Lionel Essrog Is On The Case

“Motherless Brooklyn” is a crime film reminiscent of the old private eye flicks that starred the likes of Humphrey Bogart and Robert Mitchum several decades ago.  Edward Norton not only stars in this as Lionel Essrog, the private eye with the rather distracting affliction known as Tourette syndrome, he also is the screenwriter and director.  This has been a passion project for the talented and compelling Norton for about twenty decades.  The film is based on a novel written by Jonathan Lethem.  Alex Baldwin, Bruce Willis, and Willem Dafoe are included in the cast.  The love interest for the awkward, hapless Lionel is played by an English actress named Gugu Mbatha-Raw.

Lionel is part of a team of investigators who work for a gumshoe named Frank Minna,  played by Willis,  Minna is murdered, and Lionel’s loyalty and obsessive nature doesn’t allow him to not balance the books on that.  He finds that Minna was working on something that led from the streets of Harlem to ivory towers of New York City’s considerable political power players.  Of course, the story is adapted to the 1950’s, so there are plenty of fedoras and trench coats.  The calmer side of Lionel’s troubled brain is able to help out with fairly interesting narration.

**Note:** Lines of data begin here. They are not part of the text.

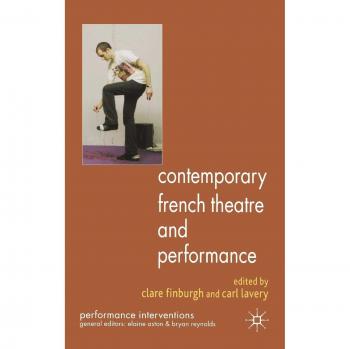 Contemporary French Theatre and Performance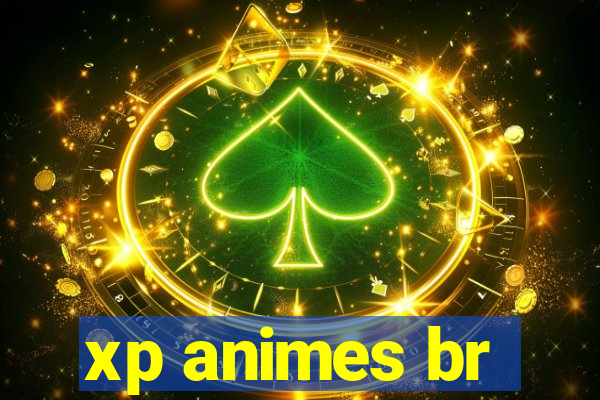 xp animes br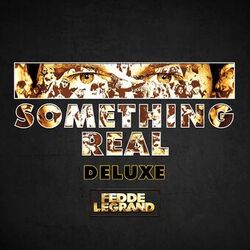 Cover of Something Real (Deluxe)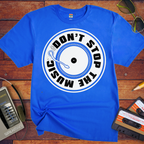 'Don't Stop the Music' T-Shirt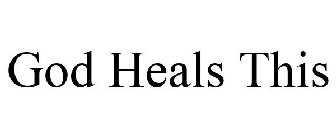 GOD HEALS THIS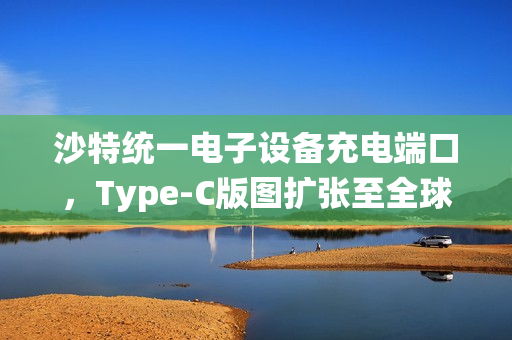 沙特统一电子设备充电端口，Type-C版图扩张至全球新篇章
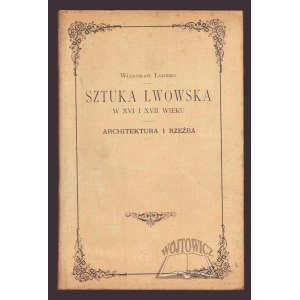 ŁOZIŃSKI Władysław, Lemberger Kunst im 16. und 17. Jahrhundert.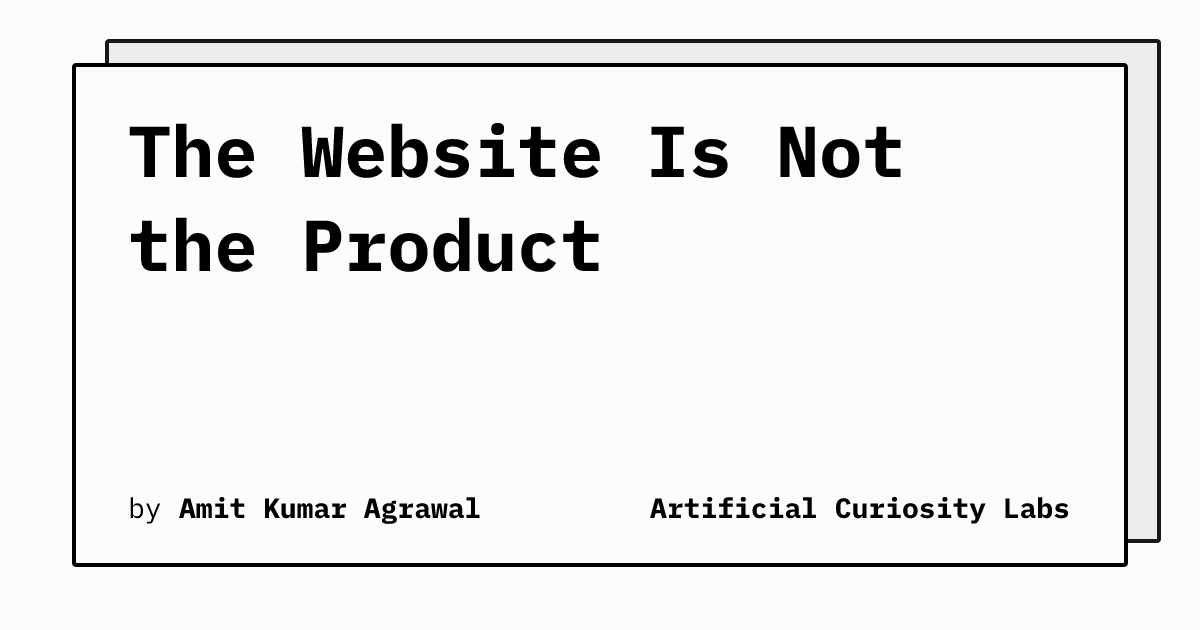 artificialcuriositylabs.ai - Amit Kumar Agrawal - The Website Is Not the Product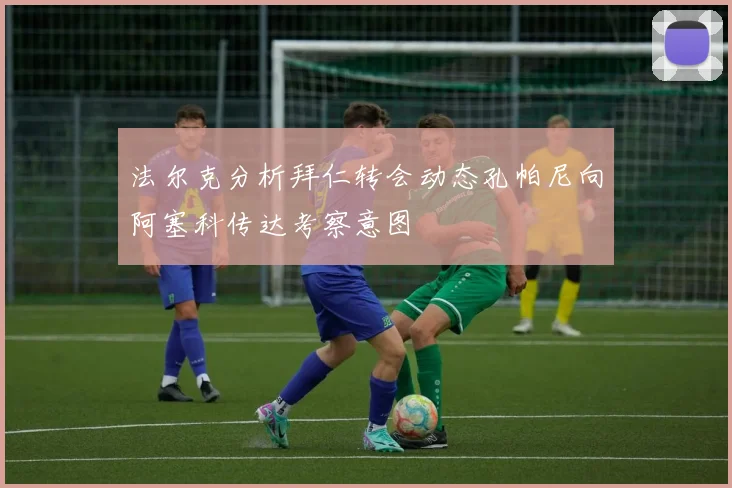 法尔克分析拜仁转会动态孔帕尼向阿塞科传达考察意图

There is some exploration of racial and class unrest at the center of the mystery surrounding the death of Lionel’s mentor.

So, the movie is pretty good, but it isn’t without some missteps.  Norton is pretty compelling as the Tourette ridden private eye, but even his efforts doesn’t keep me from noticing that the film drags a little and gets a little too convoluted in its storytelling. Baldwin also is a pretty commanding force as a menacing city commissioner with more than his share of secrets.

I couldn’t really find fault with anyone’s performance, so that was helpful during some of the lulls in the plot.  The movie is longer than most, and it shows at times, however Lionel turns out to be quite a likable underdog even if the random outbursts and twitches takes some mental adjustment to watch.

I confess that I have a weakness for this genre of film, and I admire Norton’s talent in general as well, so it is fairly easy  for me to still enjoy this particular piece.  Even if “Motherless Brooklyn” doesn’t quite hit the mark as being a masterpiece, it ended up still being very much worth the time.